+++ INPUT +++
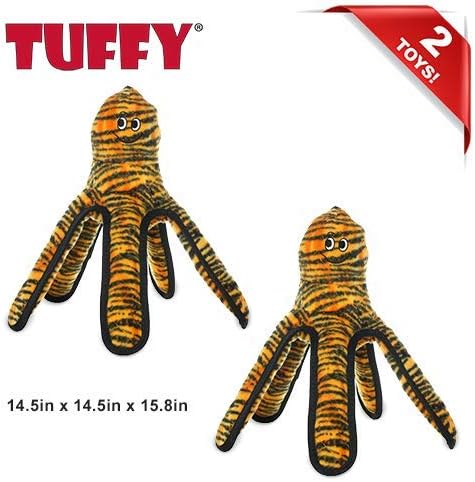 TUFFY - World's Tuffest Soft Dog Toy - MEGA -Multiple Layers. Made Durable, Strong & Tough. Interactive Play (Tug, Toss & Fetch). Machine Washable & Floats (Octopus, Large 2 Pack)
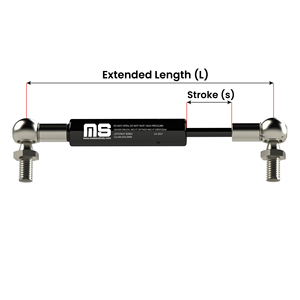 Amortiguador de Gas de Acero Pintado de Negro MotionStruts, Cilindro de 18 mm de Diámetro Exterior, 8 mm de Diámetro Interior, 362 mm de Longitud Extendida, Lado Derecho, Capacidad de Carga de 50N-800N - Product Image 3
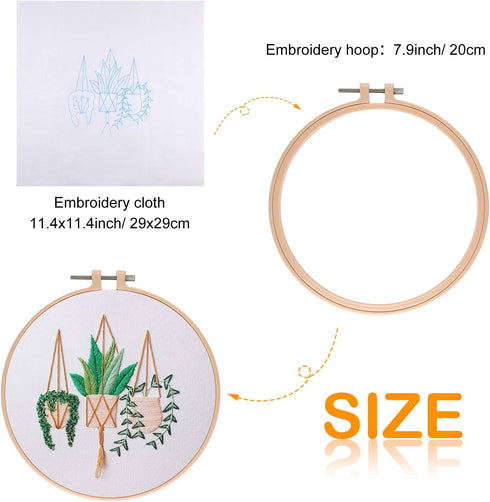 FEPITO 4 Sets Embroidery Starter Kit with Pattern and Instructions Cross Stitch Kit Includes 4Pcs Embroidery Clothes with Floral Pattern, 2 Pcs Em...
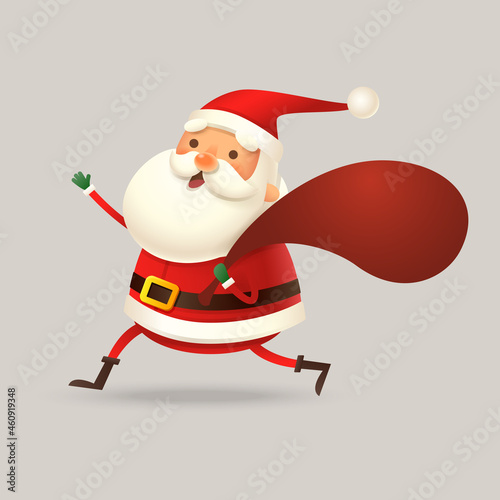 Cute Santa Claus with sack run and wave - vector illustration isolated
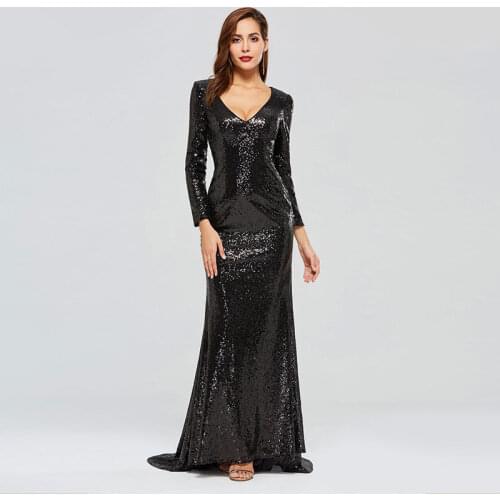 Tanpell v neck evening dress full sleeves sequins women zipper up formal mermaid reflective dress plus custom evening dress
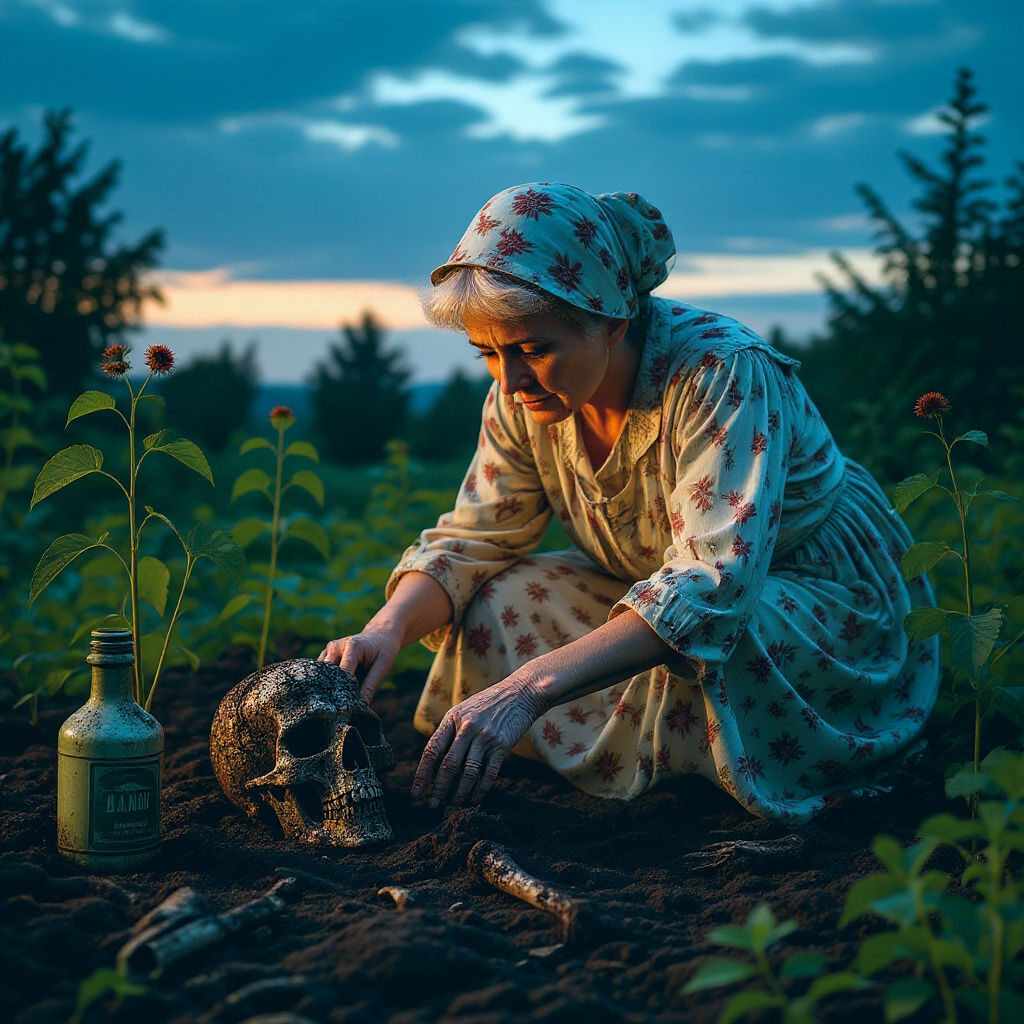 Eerie Garden Scene with Skeletal Remains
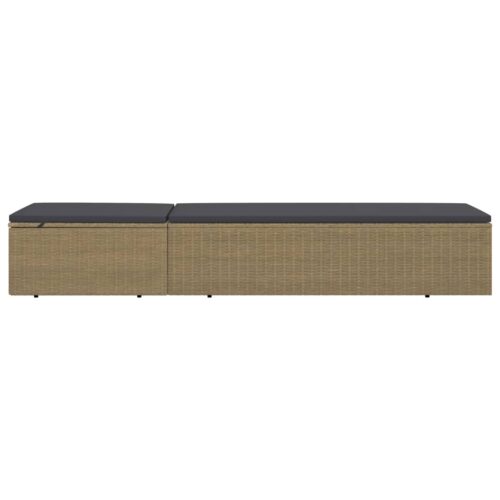Sun Lounger Poly Rattan Brown Dark Grey - Image 5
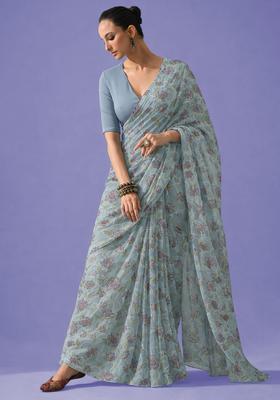 Light Blue Embroidered Organza Pre Draped Saree Set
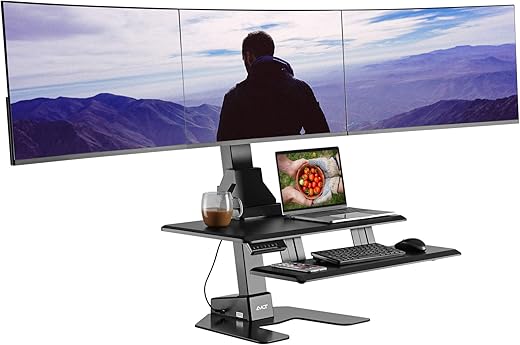 The 10 Best Standing Desk Converters for a Healthier Workday: Our Expert Picks AVLT Electric Standing Desk Converter for Triple 32" Monitors, Motorized Sit to Stand Riser with 28"x16" Tabletop, Large Keyboard Tray, Height Adjustable, Sturdy Base, Small Footprint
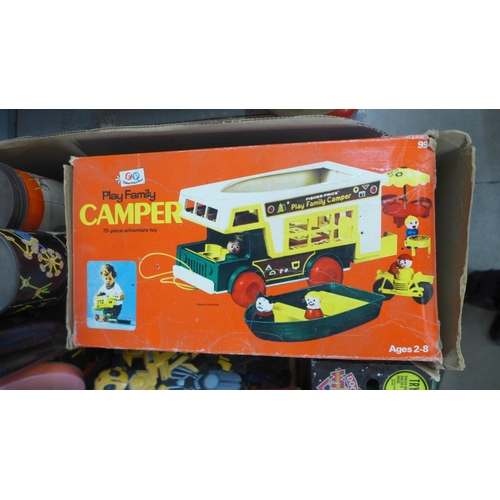 1149 - Two boxes of vintage toys and games including a Meccano steam engine, building blocks, etc **PLEASE ... 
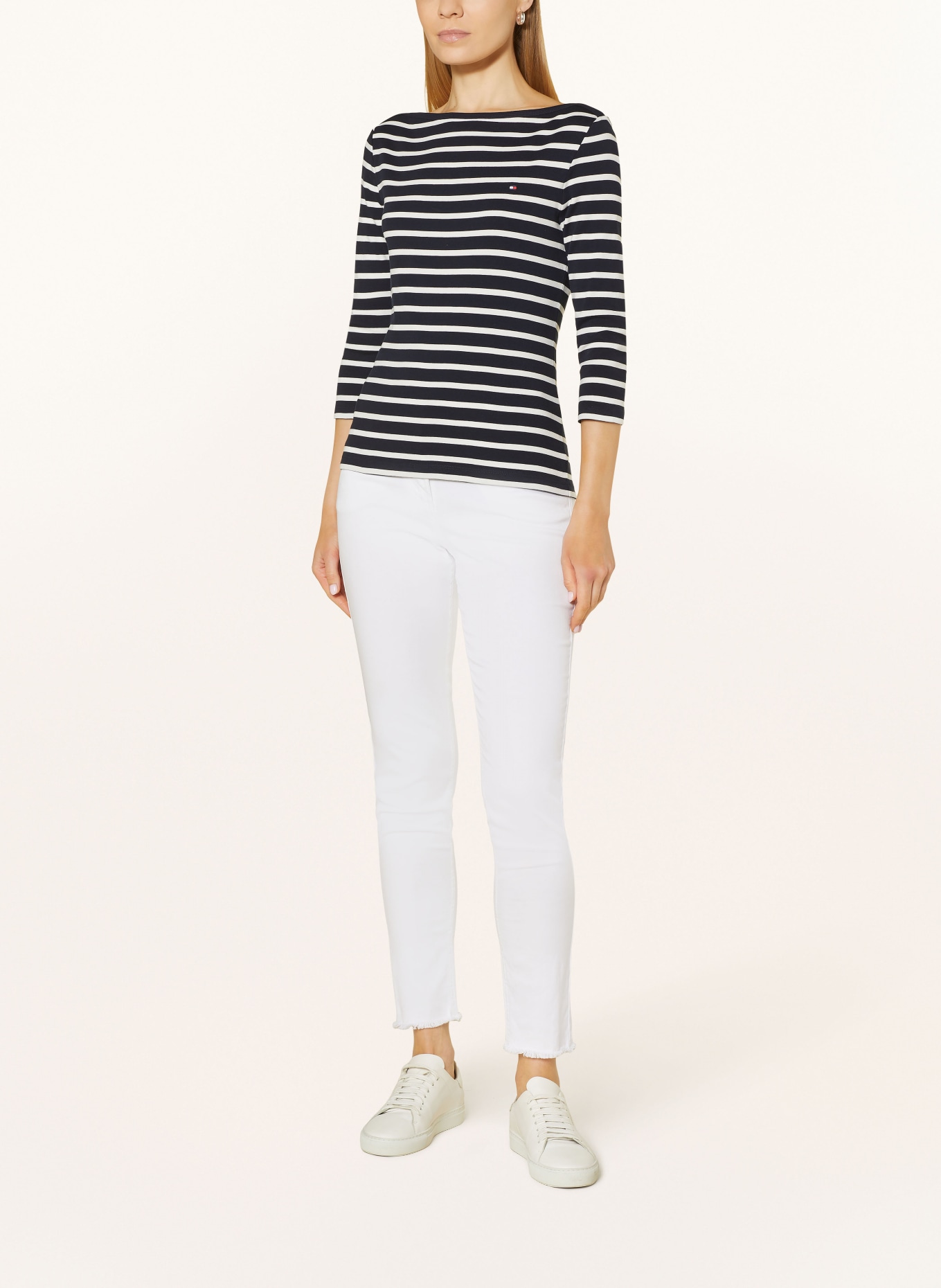 TOMMY HILFIGER Shirt mit 3/4-Arm: DUNKELBLAU / ECRU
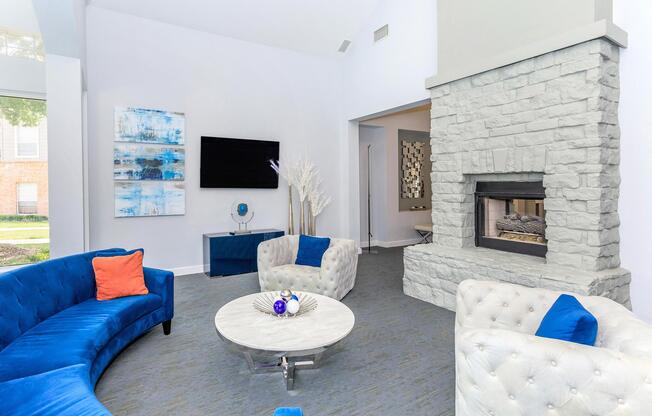 a living room with blue walls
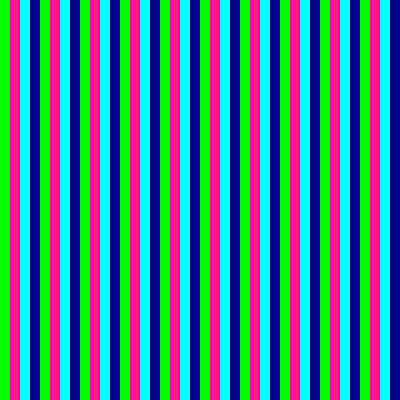 [ Thumbnail: Lime, Deep Pink, Cyan, and Dark Blue Colored Stripes Pattern Metal Print ]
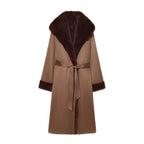 Women longer coat with faux fur trim and tie belt Fashion Glam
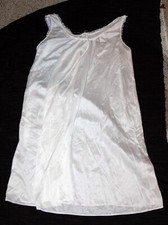 Romantic Vtg Lorraine White Slip Cut Ups Lace Hem Sz Medium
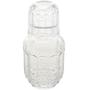 Imagem de Garrafa Lyor 500ml para Água Moringa de Vidro Faces com Copo Tampa 145ml para Bebidas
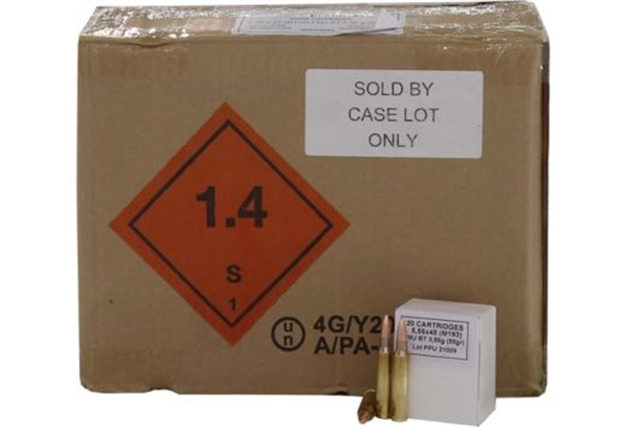 Picture of Ppu Ammo 5.56X45 Case Lot 55Gr. Fmj 1000Rd Case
+++
> _EXERCISE PROMPT_
For each line above, output its wording exactly and leave out any picture.

> _EXERCISE SOLUTION_
 TUFFY - World's Tuffest Soft Dog Toy - MEGA -Multiple Layers. Made Durable, Strong & Tough. Interactive Play (Tug, Toss & Fetch). Machine Washable & Floats (Octopus, Large 2 Pack)
 Amortiguador de Gas de Acero Pintado de Negro MotionStruts, Cilindro de 18 mm de Diámetro Exterior, 8 mm de Diámetro Interior, 362 mm de Longitud Extendida, Lado Derecho, Capacidad de Carga de 50N-800N - Product Image 3
 FEPITO 4 Sets Embroidery Starter Kit with Pattern and Instructions Cross Stitch Kit Includes 4Pcs Embroidery Clothes with Floral Pattern, 2 Pcs Em...
 Cute Santa Claus with sack run and wave - vector illustration isolated
 Tanpell v neck evening dress full sleeves sequins women zipper up formal mermaid reflective dress plus custom evening dress
 Eerie Garden Scene with Skeletal Remains
Sun Lounger Poly Rattan Brown Dark Grey - Image 5
 Light Blue Embroidered Organza Pre Draped Saree Set
 The 10 Best Standing Desk Converters for a Healthier Workday: Our Expert Picks AVLT Electric Standing Desk Converter for Triple 32" Monitors, Motorized Sit to Stand Riser with 28"x16" Tabletop, Large Keyboard Tray, Height Adjustable, Sturdy Base, Small Footprint
 1149 - Two boxes of vintage toys and games including a Meccano steam engine, building blocks, etc **PLEASE ... 
 TOMMY HILFIGER Shirt mit 3/4-Arm: DUNKELBLAU / ECRU
 a living room with blue walls
 [ Thumbnail: Lime, Deep Pink, Cyan, and Dark Blue Colored Stripes Pattern Metal Print ]
 Women longer coat with faux fur trim and tie belt Fashion Glam
 Romantic Vtg Lorraine White Slip Cut Ups Lace Hem Sz Medium
 Imagem de Garrafa Lyor 500ml para Água Moringa de Vidro Faces com Copo Tampa 145ml para Bebidas
 Picture of Ppu Ammo 5.56X45 Case Lot 55Gr. Fmj 1000Rd Case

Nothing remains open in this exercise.